Friday, March 23, 2007


This, I believe, is the Stinky Ass Tree. Some call it the Cum Tree, but my friend says that's an insult to cum. So we'll call it the stinky ass, or butthole tree. That's an insult to buttholes, but they're used to it. These things can ruin a nice spring walk. There's one down the street from me that I have to hold my breath past. Why, oh why, would nature do this? And yet, I have to say, these nasty trees are in perfect harmony with my cranky mood.

I always come home cranky from the workshop I'm facilitating. I think last night I finally became the overwhelmed first year teacher sitting with her head on her desk while the rest of the class threw spit balls and talked shit. I try and reign them in but the off-topic, everyone-blathering-at-once nature of the group is largely uncontrollable. I feel badly for those trying to politely, and calmly get something out of it. I feel badly for me.
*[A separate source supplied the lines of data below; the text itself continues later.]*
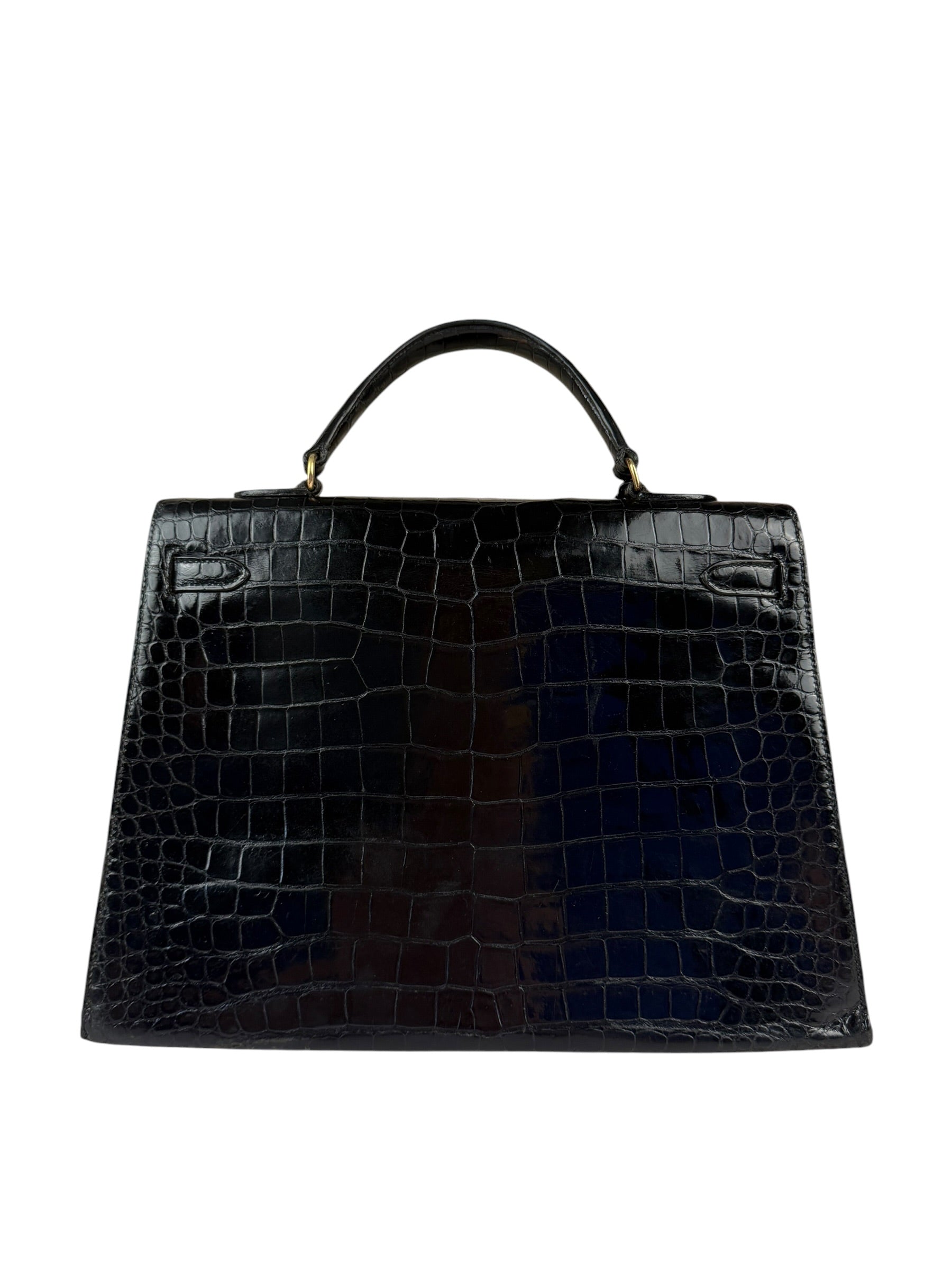 Hermes 1985 Black Crocodile Kelly 35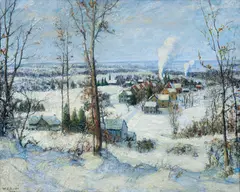 Walter Emerson Baum, Snow Covered Hills, Sellersville, Pennsylvania, 1912, oil on canvas, relined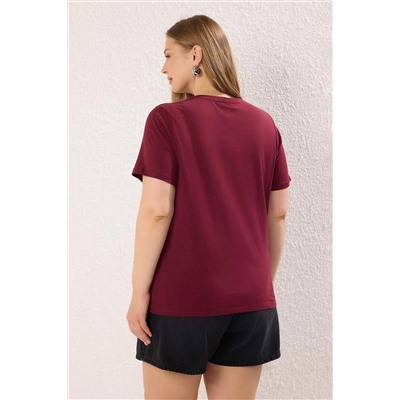 Bordo Regular Fit Basic Bisiklet Yaka %100 Pamuk Örme Büyük Beden T-Shirt TBBSS22TS0733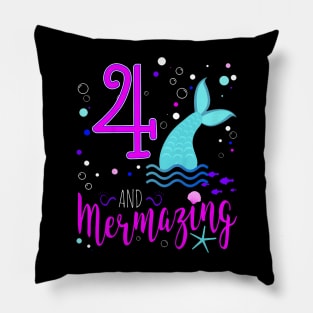 Kids Mermaid Girls 4Th Birthday 4 Years Old Party Pillow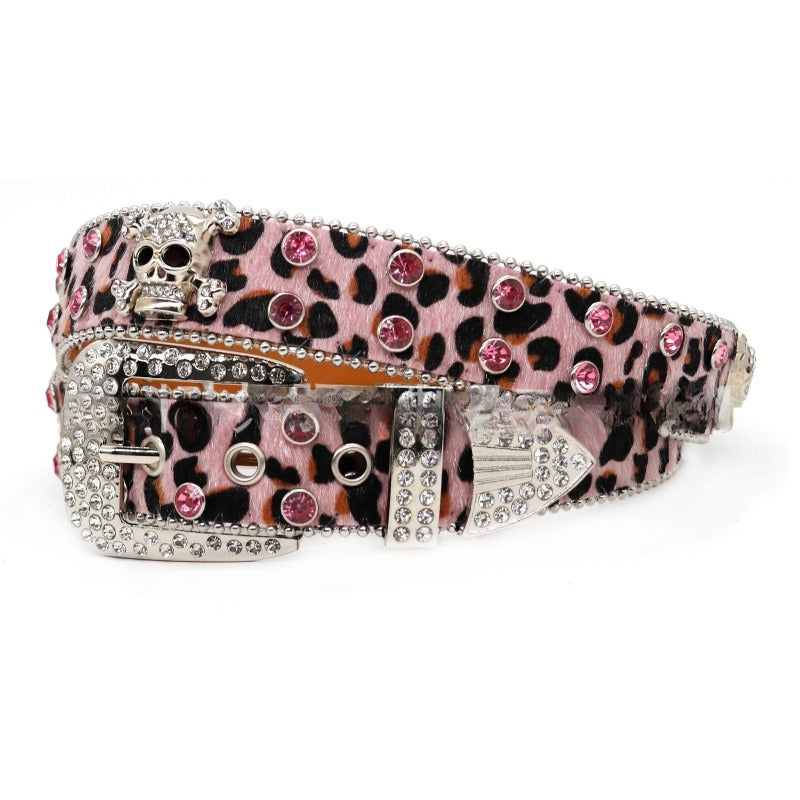 Hip-hop punk rhinestone belt skull punk style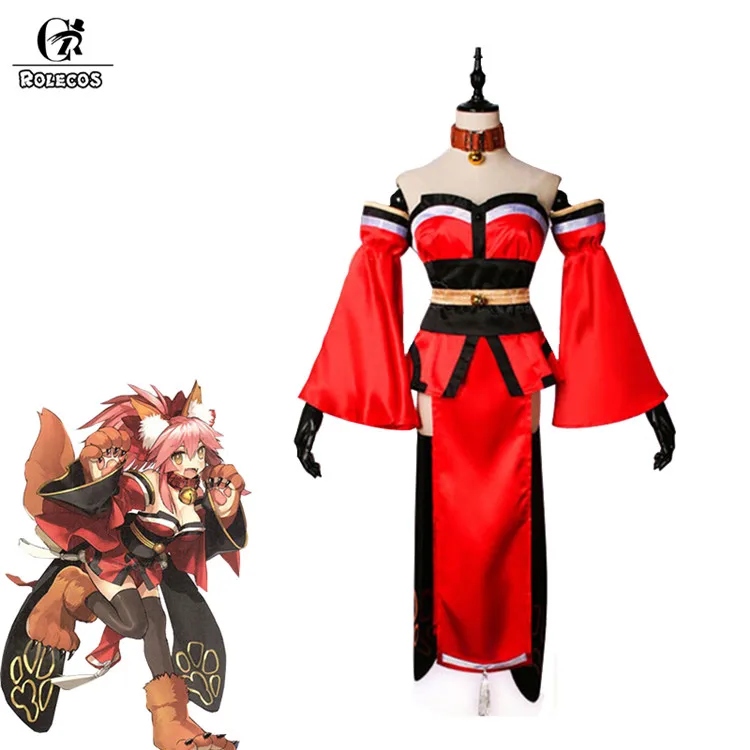 ROLECOS игра Fate Grand заказ косплей костюм tamamo no Mae костюм Красная Сексуальная Короткая юбка для женщин карнавальный костюм Юбки - Цвет: Tamamo no Mae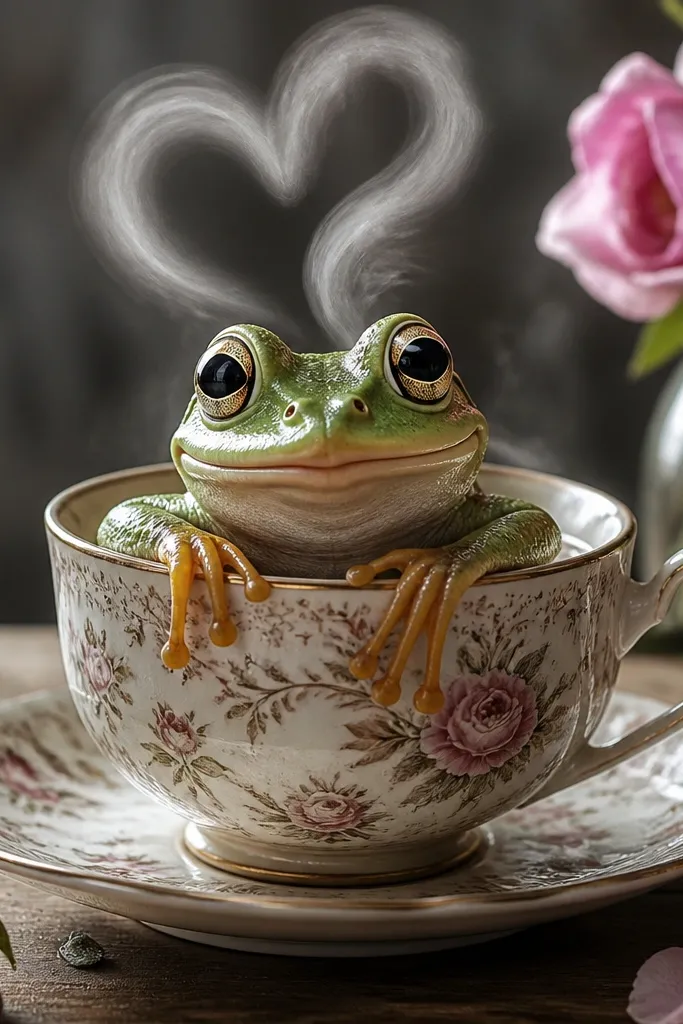 Cartoon frog sitting in a teacup with heart-shaped steam rising.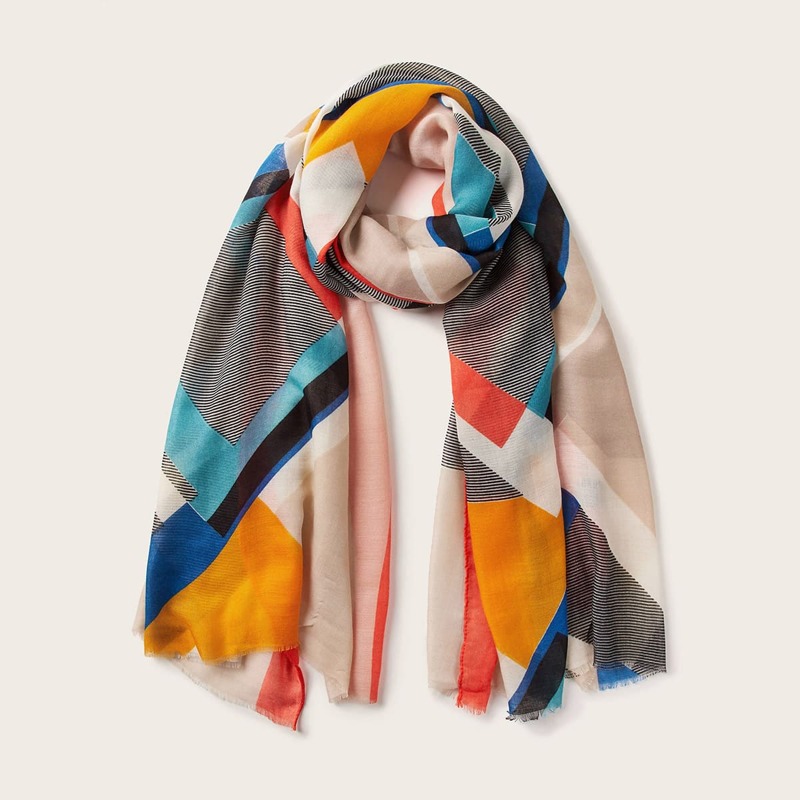 

Colorblock Raw Hem Scarf, Multicolor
Good news is, next week in my absence, it will be in the hands of a professional, one of the directors at Write Around Portland who is wonderful and sweet and experienced with unruliness. I hope they give her all they've got and that she comes back at them with the perfect spell to keep them focused and calm. I will know when I get back whether it's just me or if I've simply been dealt a rough hand.

Wednesday, March 21, 2007




How very vernal.

Even the magnolias couldn't coax the grump and grind from my head today. Even the new silver paint on my toes left me indifferent. Sean came home from a few days away complaining of the same kind of sourness. I've never been so impervious to the powers of spring. Luckily, it feels like an ugly but temporary spell.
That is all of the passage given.